Government considers new ways to fund budget following declining donor support
10 November 2024, 1:47 pm
By Ronald Ssemagonja
The Ministry of Finance, Planning and Economic Development has expressed concern over the growing decline in external financing for Uganda, warning that this could constrain the government’s ability to meet its expenditure requirements in a timely manner. The government made this statement during the presentation of the Budget Strategy for the Financial Year 2025/2026 in Kampala.
According to the Minister of State for Planning, Hon. Amos Lugoloobi, the decline in external financing is linked to the ongoing conflicts in Ukraine and Palestine, which have caused foreign funders to redirect their attention and resources from supporting developing countries like Uganda to financing those affected by the wars. “They are funding the wars in Ukraine, Israel, and Palestine. Their priorities have since shifted. Remember, as any country progresses beyond a middle-income level, it is seen as an adult capable of sustaining its own growth. Therefore, attention shifts away from such countries to the least developed ones, which still require concessional support. At this point, donor countries begin to believe that you can borrow commercially to finance your activities,” he said.

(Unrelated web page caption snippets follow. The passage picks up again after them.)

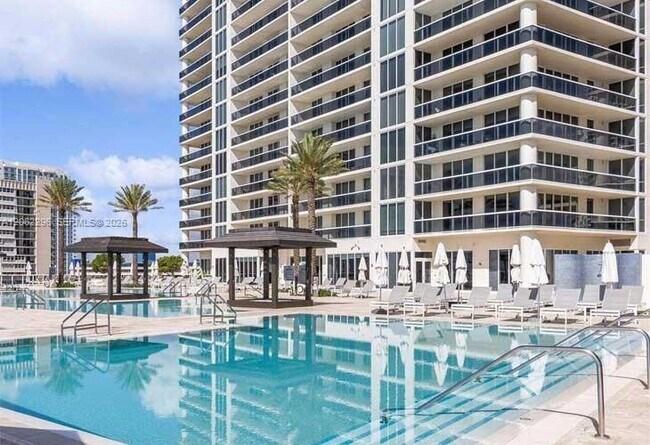 Building Photo - 1850 S Ocean Dr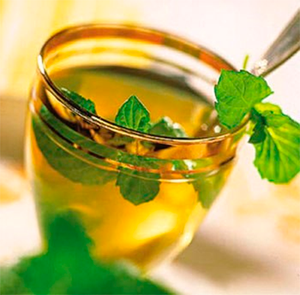 Té frío con sabor cítrico y a menta con stevia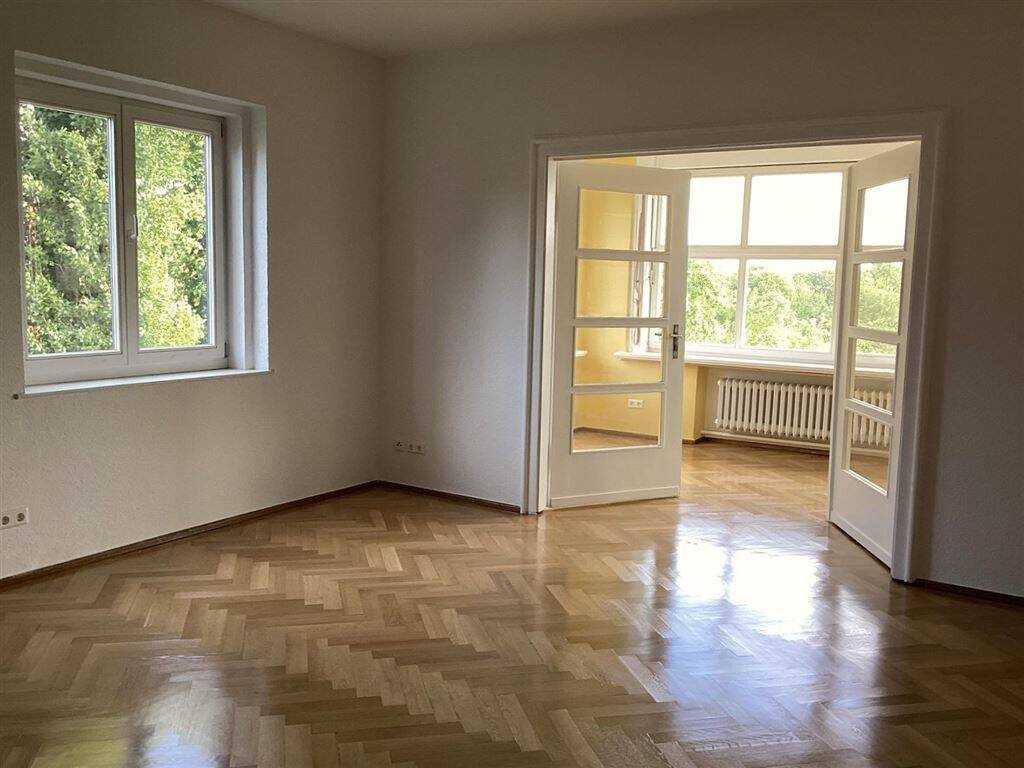 Wohnen über den Dächern von Chemnitz, einmal anders! Im Bauhausstil, mitten im Grünen. – Chemnitz – Vorschaubild 5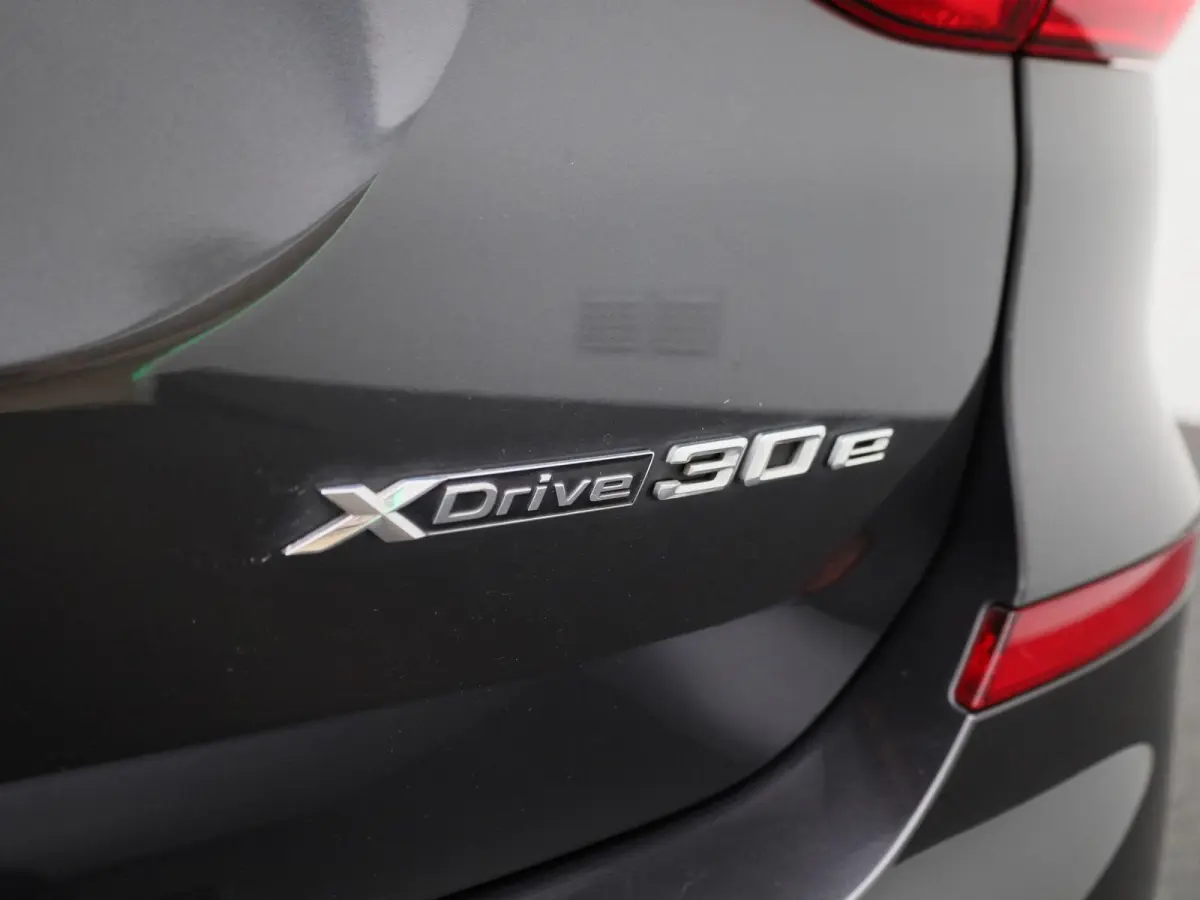 xDrive30e | Automaat | Climate control | Virtual cockpit | Apple carplay | Navigatie | Stoel verwarming | Elec. achterklep | Leder | Camera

He also added, “We have been relying on external sources of financing for our budget for a long time, but these sources are dwindling. Now we must turn to innovative ways of financing the budget through domestic resources. One such measure is to leverage our available assets to issue long-term bonds, such as infrastructure bonds, where we can mobilise investment from private individuals and the diaspora to invest their resources.”
Mr Matia Kasaija, the Minister of Finance, Planning and Economic Development, stated that external financing has been on the decline, which necessitates strengthening the implementation of the domestic revenue mobilisation strategy. He explained that the government will finance the budget for the Financial Year 2025/2026 using both domestic and external resources. “We shall repurpose resources in the current budget and improve allocation efficiency, focusing on the prioritised sectors of the economy and the effective implementation of the domestic revenue mobilisation strategy, with a major focus on combating tax evasion and smuggling.”
According to the strategy, the government will operationalise new cities in the coming financial year. Cabinet and Parliament have approved the creation of 15 cities to be rolled out in phases. In FY 2020/2021, 10 cities were operationalised, including Soroti, Gulu, Lira, Arua, Hoima, Fort Portal, Mbarara, Masaka, Jinja, and Mbale. “I am honoured to announce that we have secured the resources to operationalise the remaining cities, effective 1st July 2025,” Kasaija said.